Part 3 of a series about impervious surfaces

by Lynn Markham

The first two articles in this series discussed how impervious surfaces such as roads and rooftops increase stormwater and pollutant runoff and decrease water quality and wildlife habitat, and then provided a list of actions to minimize those impacts. This article explores how to site rural development and its associated impervious surfaces in a way that will achieve the goals of protecting lakes and streams AND decreasing costs for roads.

Rural areas by definition have more undeveloped space than urban areas. Consequently, planners, developers and local officials have more choices when they are deciding where to locate new development.

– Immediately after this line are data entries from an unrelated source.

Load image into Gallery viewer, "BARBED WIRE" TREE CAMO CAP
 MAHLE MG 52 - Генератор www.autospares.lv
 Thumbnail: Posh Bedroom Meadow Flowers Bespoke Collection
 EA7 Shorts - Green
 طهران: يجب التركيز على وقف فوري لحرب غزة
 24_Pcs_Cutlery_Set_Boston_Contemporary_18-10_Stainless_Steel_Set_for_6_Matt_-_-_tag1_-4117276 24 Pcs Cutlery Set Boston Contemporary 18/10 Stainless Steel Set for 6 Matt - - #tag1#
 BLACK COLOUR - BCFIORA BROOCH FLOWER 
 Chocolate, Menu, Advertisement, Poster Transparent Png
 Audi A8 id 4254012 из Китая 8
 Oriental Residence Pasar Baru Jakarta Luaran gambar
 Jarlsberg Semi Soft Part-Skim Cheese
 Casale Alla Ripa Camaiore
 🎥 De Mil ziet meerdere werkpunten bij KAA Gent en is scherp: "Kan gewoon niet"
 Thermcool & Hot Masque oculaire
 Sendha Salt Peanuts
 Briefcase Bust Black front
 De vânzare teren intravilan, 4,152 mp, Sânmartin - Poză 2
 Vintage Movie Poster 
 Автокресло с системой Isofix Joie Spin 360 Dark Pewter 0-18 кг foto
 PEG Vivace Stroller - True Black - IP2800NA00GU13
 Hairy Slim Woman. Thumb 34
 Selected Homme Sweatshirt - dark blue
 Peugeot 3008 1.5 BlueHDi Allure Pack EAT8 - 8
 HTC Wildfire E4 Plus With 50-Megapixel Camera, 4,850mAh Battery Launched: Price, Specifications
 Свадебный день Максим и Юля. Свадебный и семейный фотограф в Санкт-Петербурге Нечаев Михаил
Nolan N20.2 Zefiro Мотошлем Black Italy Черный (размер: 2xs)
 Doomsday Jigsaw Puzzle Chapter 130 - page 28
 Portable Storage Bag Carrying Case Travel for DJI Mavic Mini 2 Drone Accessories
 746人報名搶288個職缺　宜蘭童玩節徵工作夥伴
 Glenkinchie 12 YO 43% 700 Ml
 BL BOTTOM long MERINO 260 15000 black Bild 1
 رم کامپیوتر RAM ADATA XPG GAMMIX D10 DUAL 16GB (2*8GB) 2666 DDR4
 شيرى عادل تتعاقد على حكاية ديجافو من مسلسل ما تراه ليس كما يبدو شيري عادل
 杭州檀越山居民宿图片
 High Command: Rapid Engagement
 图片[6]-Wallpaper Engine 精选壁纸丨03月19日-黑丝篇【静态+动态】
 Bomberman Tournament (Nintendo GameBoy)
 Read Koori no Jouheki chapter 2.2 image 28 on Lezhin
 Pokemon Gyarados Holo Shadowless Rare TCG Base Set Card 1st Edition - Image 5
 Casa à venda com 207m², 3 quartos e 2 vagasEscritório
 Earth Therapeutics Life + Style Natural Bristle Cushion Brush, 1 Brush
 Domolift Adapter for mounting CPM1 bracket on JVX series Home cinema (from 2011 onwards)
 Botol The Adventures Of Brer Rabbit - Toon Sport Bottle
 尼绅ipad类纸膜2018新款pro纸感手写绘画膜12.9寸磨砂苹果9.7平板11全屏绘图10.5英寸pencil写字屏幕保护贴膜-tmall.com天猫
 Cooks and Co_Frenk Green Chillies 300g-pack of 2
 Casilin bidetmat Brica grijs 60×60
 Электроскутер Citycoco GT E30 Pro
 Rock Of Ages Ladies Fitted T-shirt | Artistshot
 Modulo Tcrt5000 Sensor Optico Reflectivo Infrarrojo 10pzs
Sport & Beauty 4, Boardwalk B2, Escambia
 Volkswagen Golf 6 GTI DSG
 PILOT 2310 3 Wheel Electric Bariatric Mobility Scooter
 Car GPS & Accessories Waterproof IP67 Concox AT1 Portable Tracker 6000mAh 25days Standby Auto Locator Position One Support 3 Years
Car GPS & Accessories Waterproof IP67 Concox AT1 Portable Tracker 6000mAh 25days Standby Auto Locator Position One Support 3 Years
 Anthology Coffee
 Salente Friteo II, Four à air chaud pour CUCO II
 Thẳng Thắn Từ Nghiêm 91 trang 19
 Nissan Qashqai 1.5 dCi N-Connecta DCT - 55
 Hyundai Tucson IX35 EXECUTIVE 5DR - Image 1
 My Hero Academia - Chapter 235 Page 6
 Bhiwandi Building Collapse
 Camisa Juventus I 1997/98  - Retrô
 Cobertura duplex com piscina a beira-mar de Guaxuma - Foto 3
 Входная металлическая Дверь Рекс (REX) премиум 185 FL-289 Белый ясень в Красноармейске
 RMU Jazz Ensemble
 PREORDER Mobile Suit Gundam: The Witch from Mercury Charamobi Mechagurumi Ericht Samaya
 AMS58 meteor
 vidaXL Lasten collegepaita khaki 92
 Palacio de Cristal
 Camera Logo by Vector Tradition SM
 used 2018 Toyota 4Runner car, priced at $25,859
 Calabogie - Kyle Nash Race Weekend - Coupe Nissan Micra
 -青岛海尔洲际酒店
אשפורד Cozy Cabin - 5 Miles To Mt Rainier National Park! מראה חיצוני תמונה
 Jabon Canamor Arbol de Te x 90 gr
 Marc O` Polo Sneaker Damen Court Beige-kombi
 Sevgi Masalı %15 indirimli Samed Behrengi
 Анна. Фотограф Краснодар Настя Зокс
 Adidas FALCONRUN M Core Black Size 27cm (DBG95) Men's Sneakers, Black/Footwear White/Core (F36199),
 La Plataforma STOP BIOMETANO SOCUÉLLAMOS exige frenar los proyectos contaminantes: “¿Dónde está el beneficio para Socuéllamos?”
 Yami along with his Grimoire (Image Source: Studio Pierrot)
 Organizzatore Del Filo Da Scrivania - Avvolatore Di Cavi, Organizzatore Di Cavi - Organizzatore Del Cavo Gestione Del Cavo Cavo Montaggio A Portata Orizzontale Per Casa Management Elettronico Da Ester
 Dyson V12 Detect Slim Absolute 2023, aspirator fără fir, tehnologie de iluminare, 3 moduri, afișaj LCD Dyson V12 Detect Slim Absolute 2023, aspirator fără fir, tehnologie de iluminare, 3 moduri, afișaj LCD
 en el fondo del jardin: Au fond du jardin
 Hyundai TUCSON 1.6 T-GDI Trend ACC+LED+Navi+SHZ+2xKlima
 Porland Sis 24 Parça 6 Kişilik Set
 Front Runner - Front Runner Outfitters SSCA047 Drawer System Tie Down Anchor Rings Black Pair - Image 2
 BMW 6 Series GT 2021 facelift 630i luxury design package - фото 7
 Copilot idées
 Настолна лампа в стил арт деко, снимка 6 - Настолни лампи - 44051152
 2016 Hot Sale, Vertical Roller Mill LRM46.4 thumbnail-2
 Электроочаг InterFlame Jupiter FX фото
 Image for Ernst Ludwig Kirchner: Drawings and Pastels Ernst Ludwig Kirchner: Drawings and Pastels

Water highways to roadways

Historically, people located their homes and businesses near lakes and streams for a number of practical reasons including transportation of people, furs, logs and other products; drinking water for people and animals; power for mills and industry; fishing; and recreation. As times have changed so have the requirements for homes and businesses to be located near lakes and streams. For instance, logs are now hauled by truck or rail, water is delivered to cows in free stall barns, and businesses are generally powered by coal or gas-fired power plants.

Public costs of transportation

Transportation has also seen large changes in Wisconsin from the days when river corridors were the main transportation routes to today with 112,362 miles of highways, roads, and streets in the state, all impervious surfaces. These roads are necessary for many people to travel to work, school, or recreational areas. In 2000, vehicles traveled 57 billion miles in Wisconsin, which works out to 10,261 vehicle miles per person; 105% of the national average.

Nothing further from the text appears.